- **What you will do**:
Write the data below out exactly as it stands. Do not include the pictures.
───── Stored data ─────
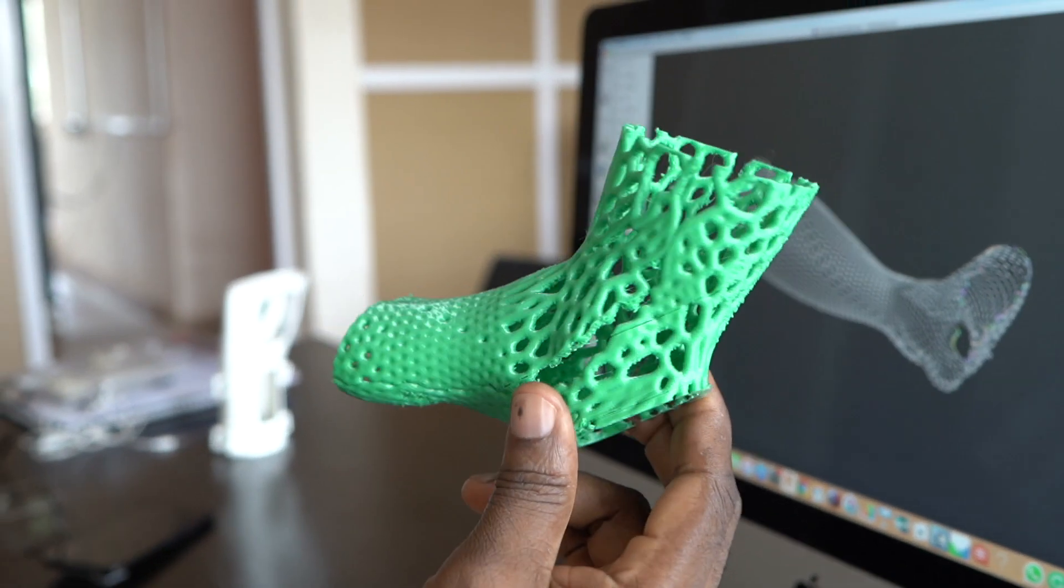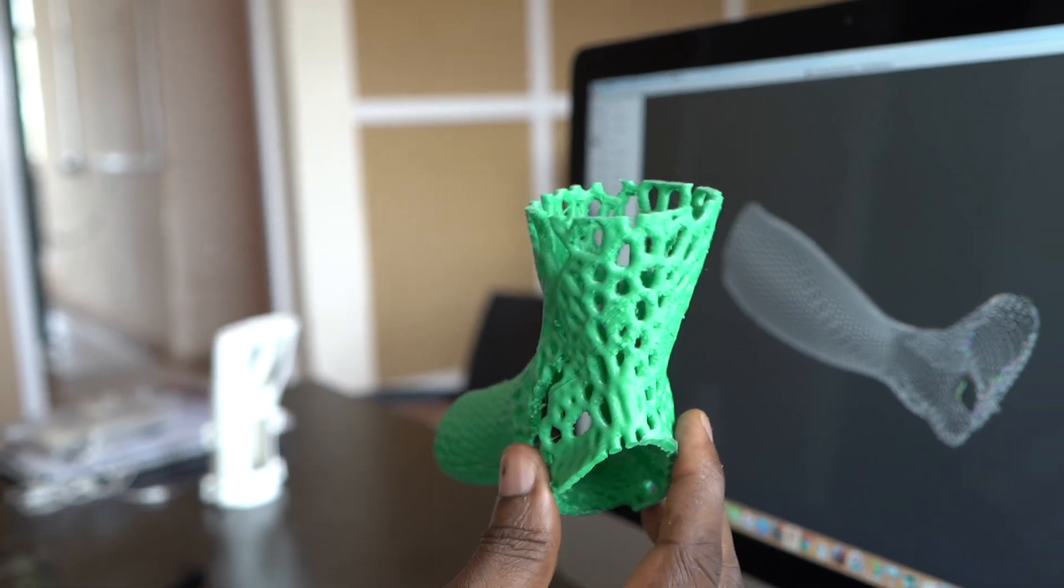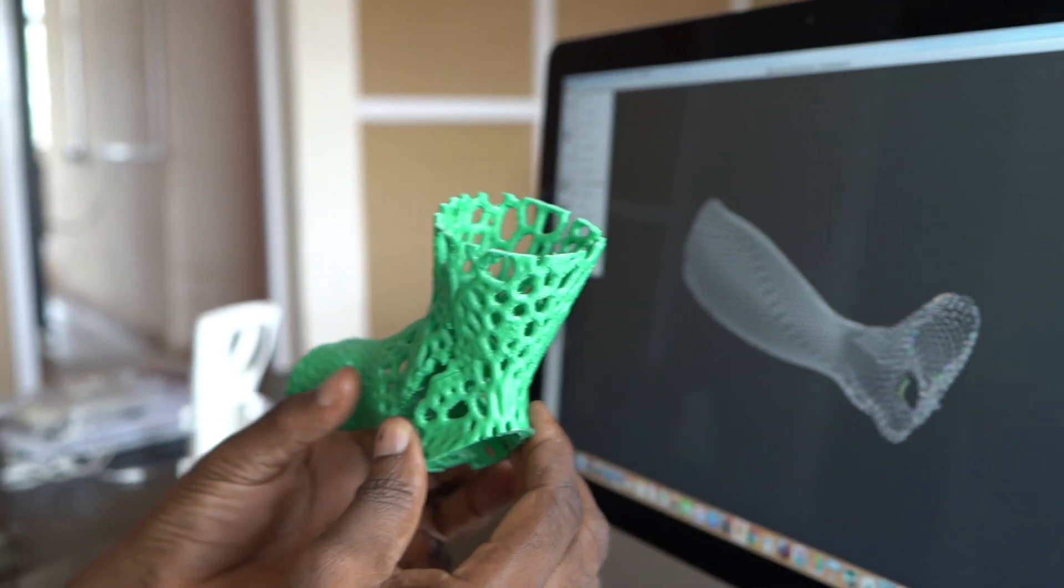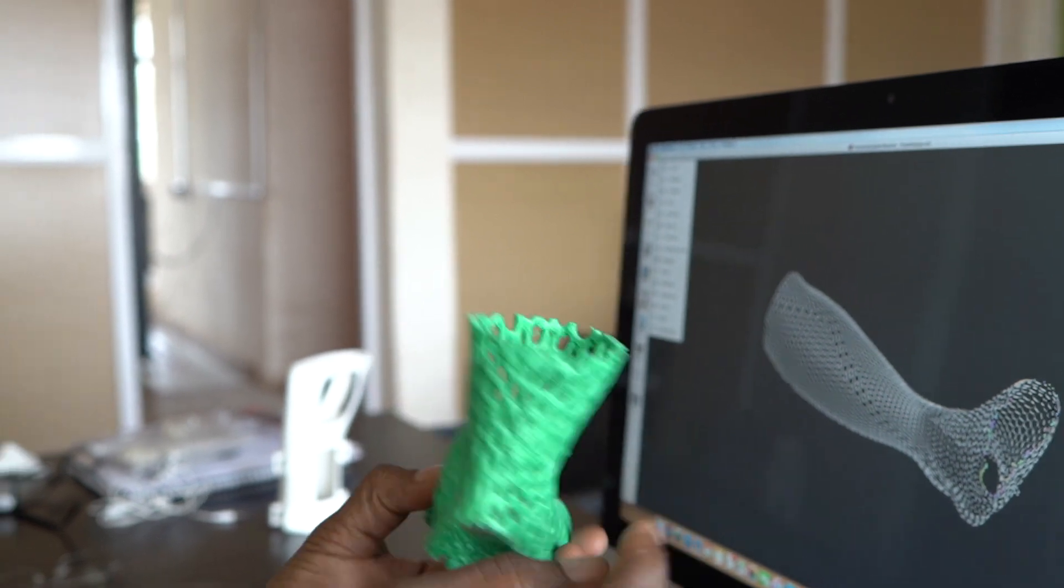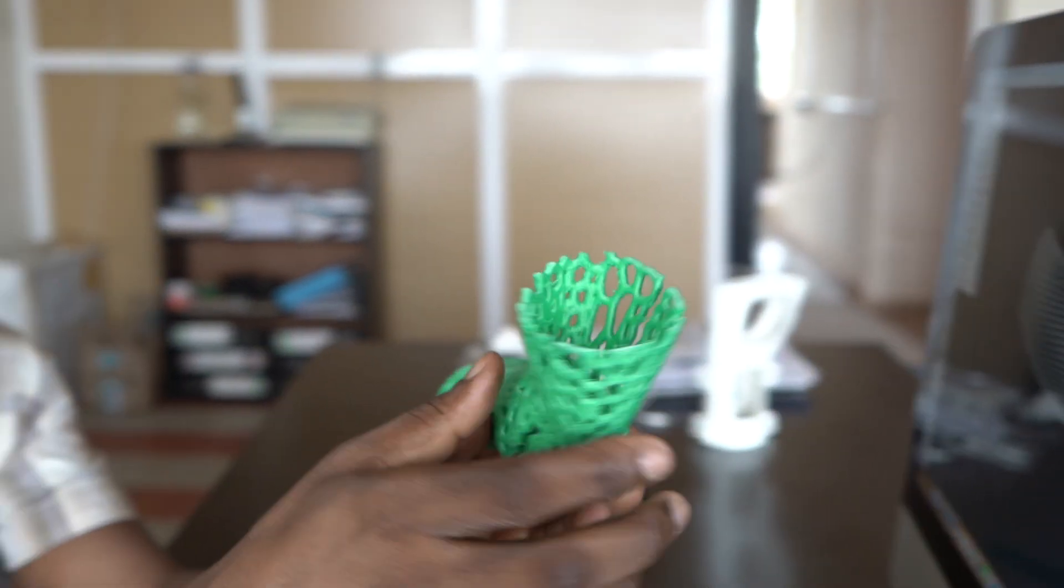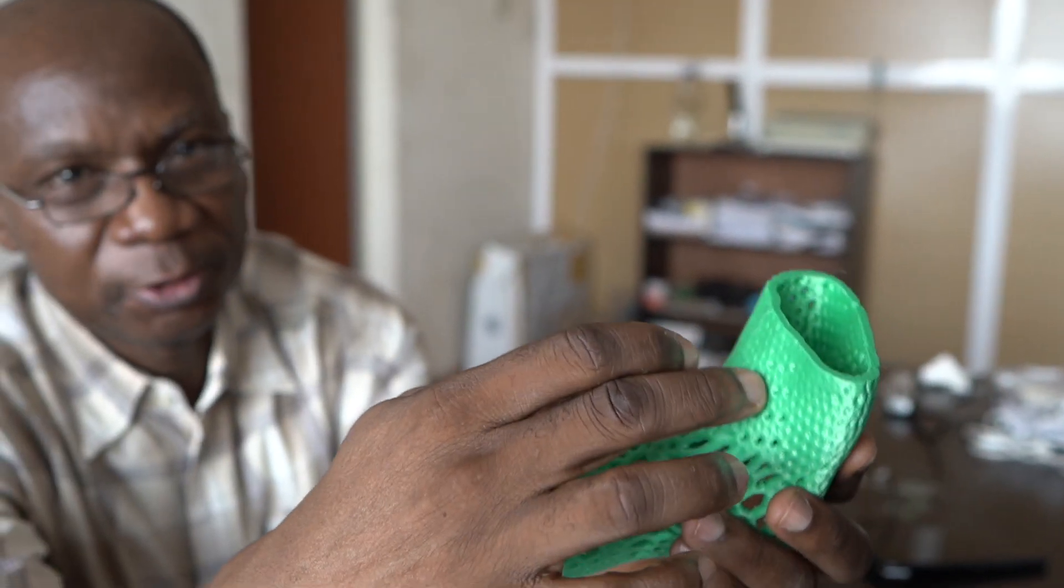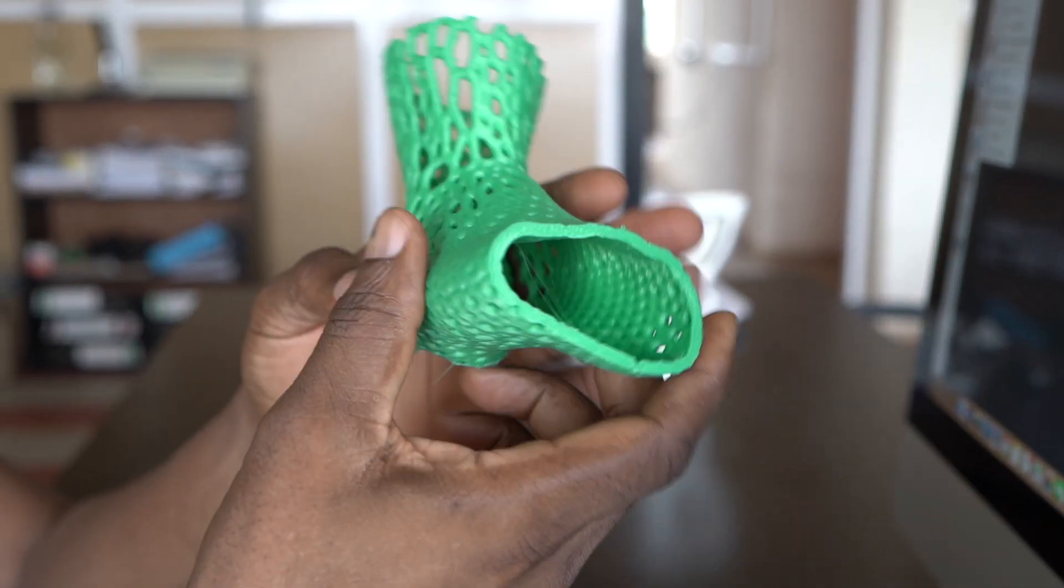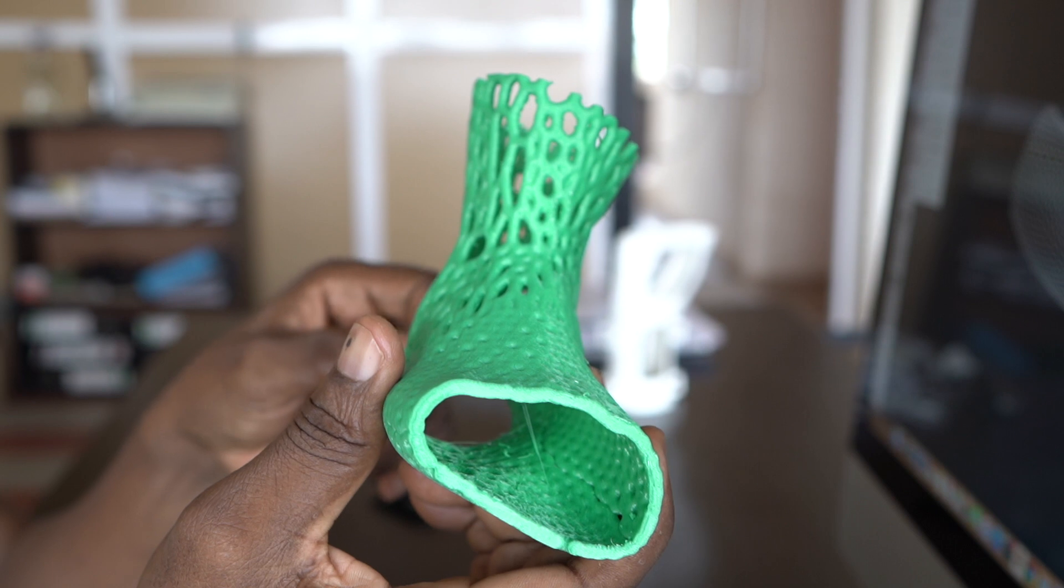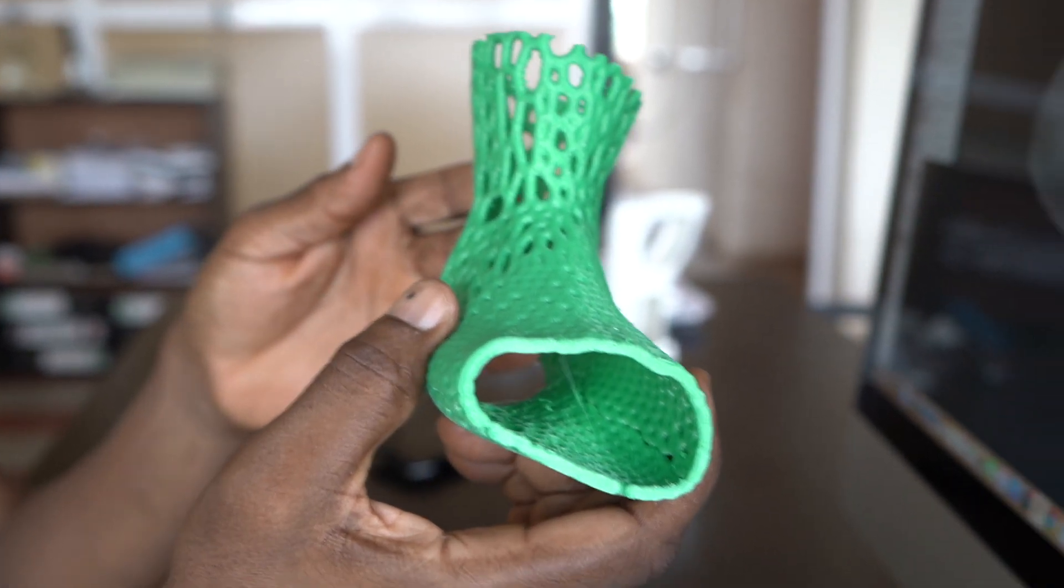What I'm holding here is a test print. You could call it an ankle brace. You can see the design, the mesh, and the toe portion removed. This is lightweight, solid, rigid, sturdy, and strong.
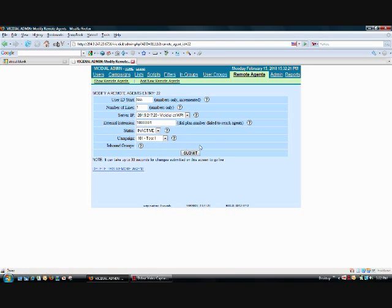Now all we have to do to start the system is hit active, hit submit, and it's automatically going to start dialing.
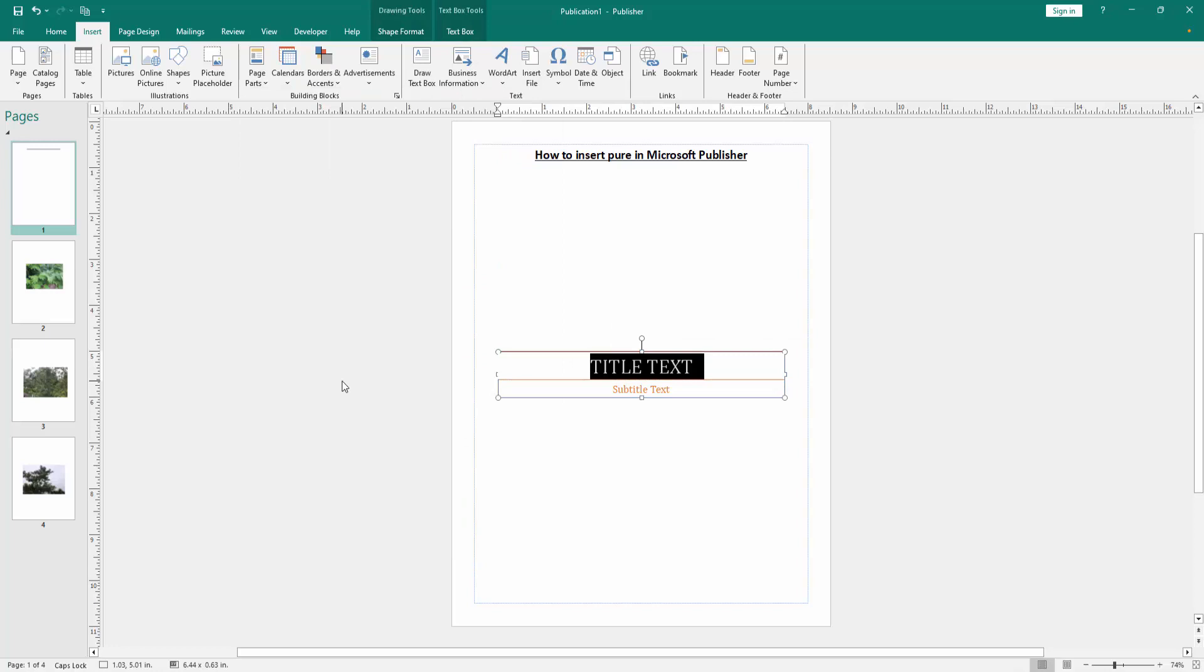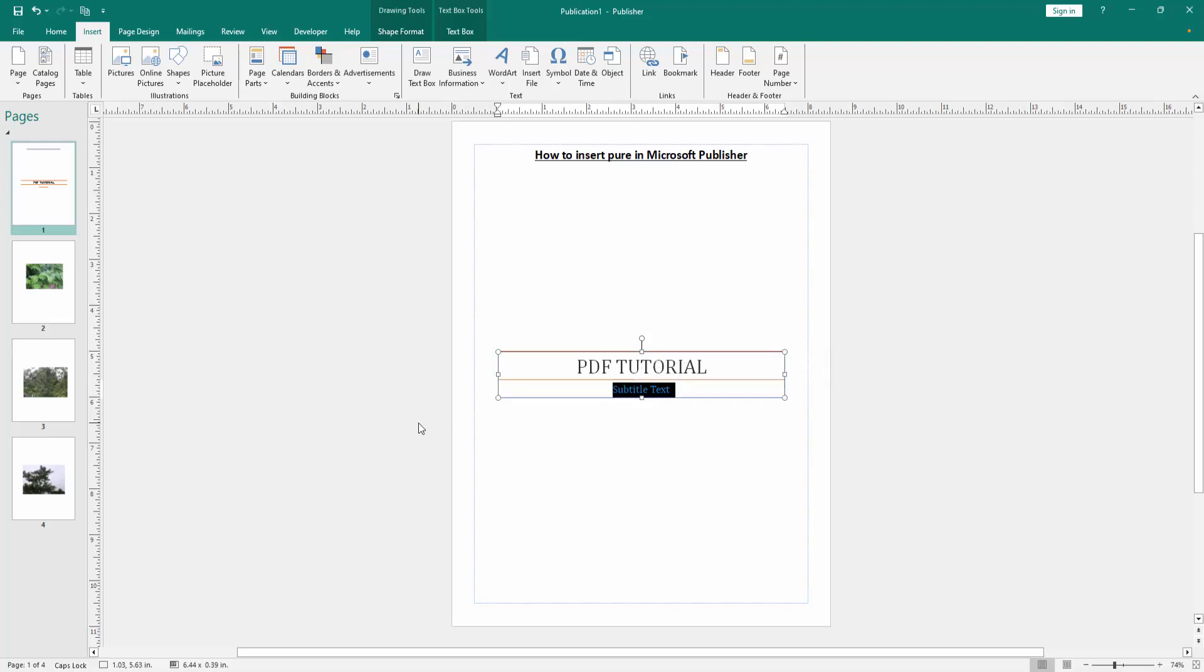Then you can write the title. Now I select this title text and write our title. You can add subtitle. Now I select this subtitle text and write our subtitle.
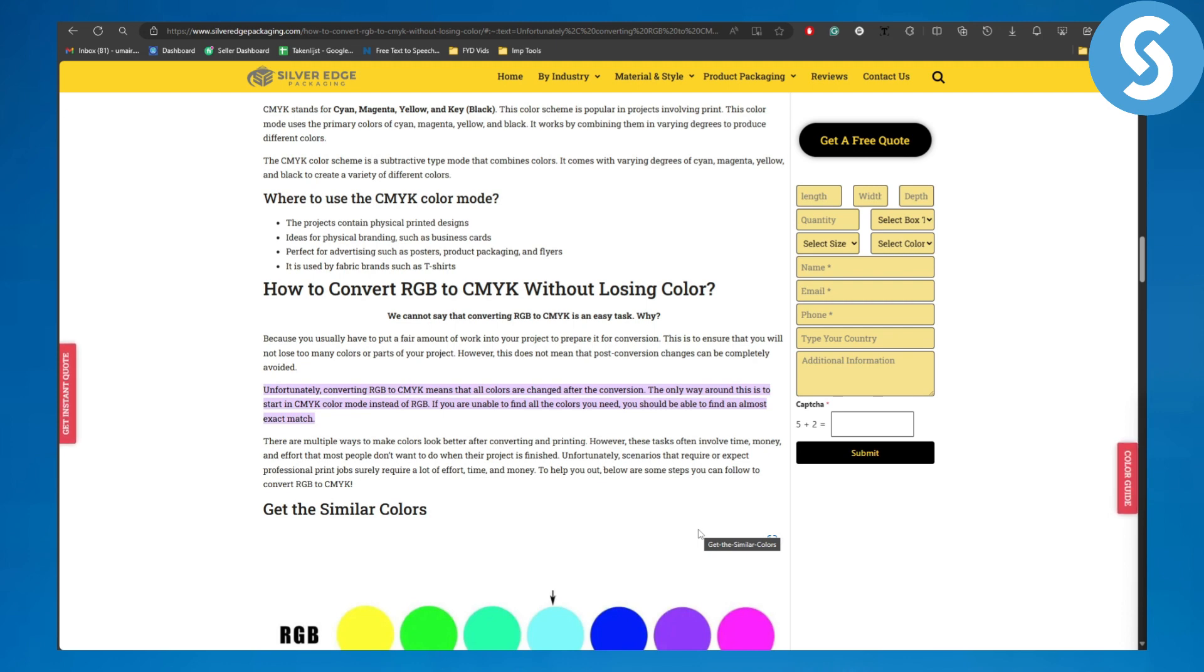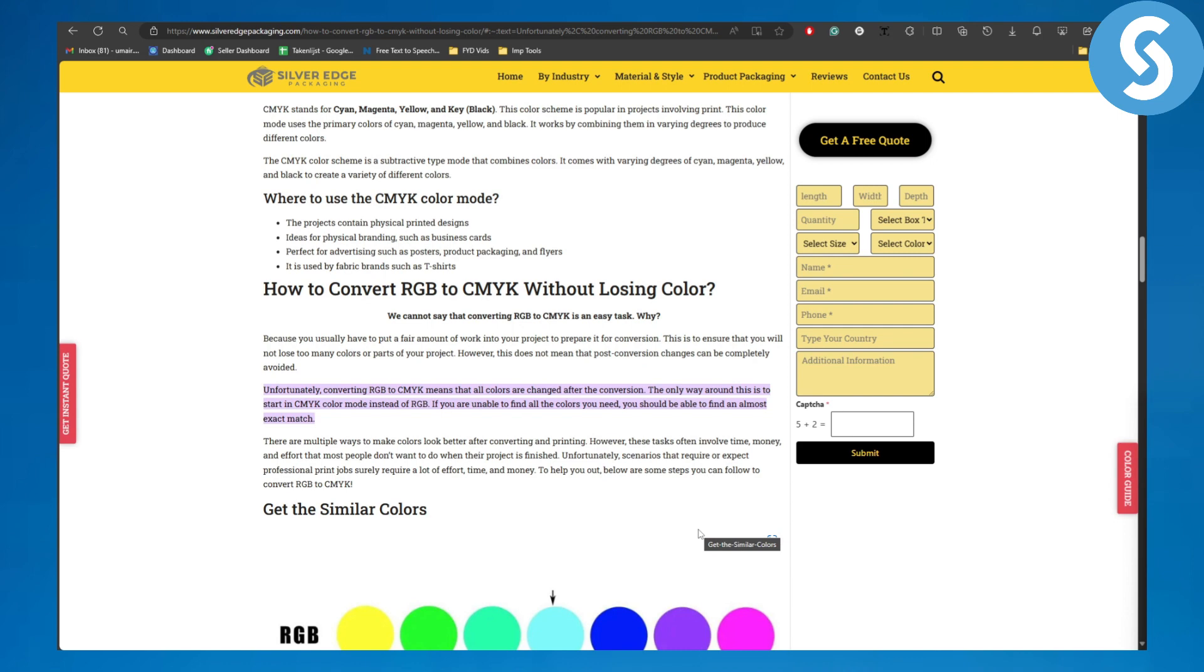Now the cyan, magenta, yellow - CMYK - is as well another color scheme or color theory. If you're looking to convert from RGB to CMYK and you think that the colors will not be affected, that is completely not possible because both of them are different. They are just different.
─────
- **Result of the task**:
What I'm holding here is a test print. You could call it an ankle brace. You can see the design, the mesh, and the toe portion removed. This is lightweight, solid, rigid, sturdy, and strong.
Now all we have to do to start the system is hit active, hit submit, and it's automatically going to start dialing.
Then you can write the title. Now I select this title text and write our title. You can add subtitle. Now I select this subtitle text and write our subtitle.
Now the cyan, magenta, yellow - CMYK - is as well another color scheme or color theory. If you're looking to convert from RGB to CMYK and you think that the colors will not be affected, that is completely not possible because both of them are different. They are just different.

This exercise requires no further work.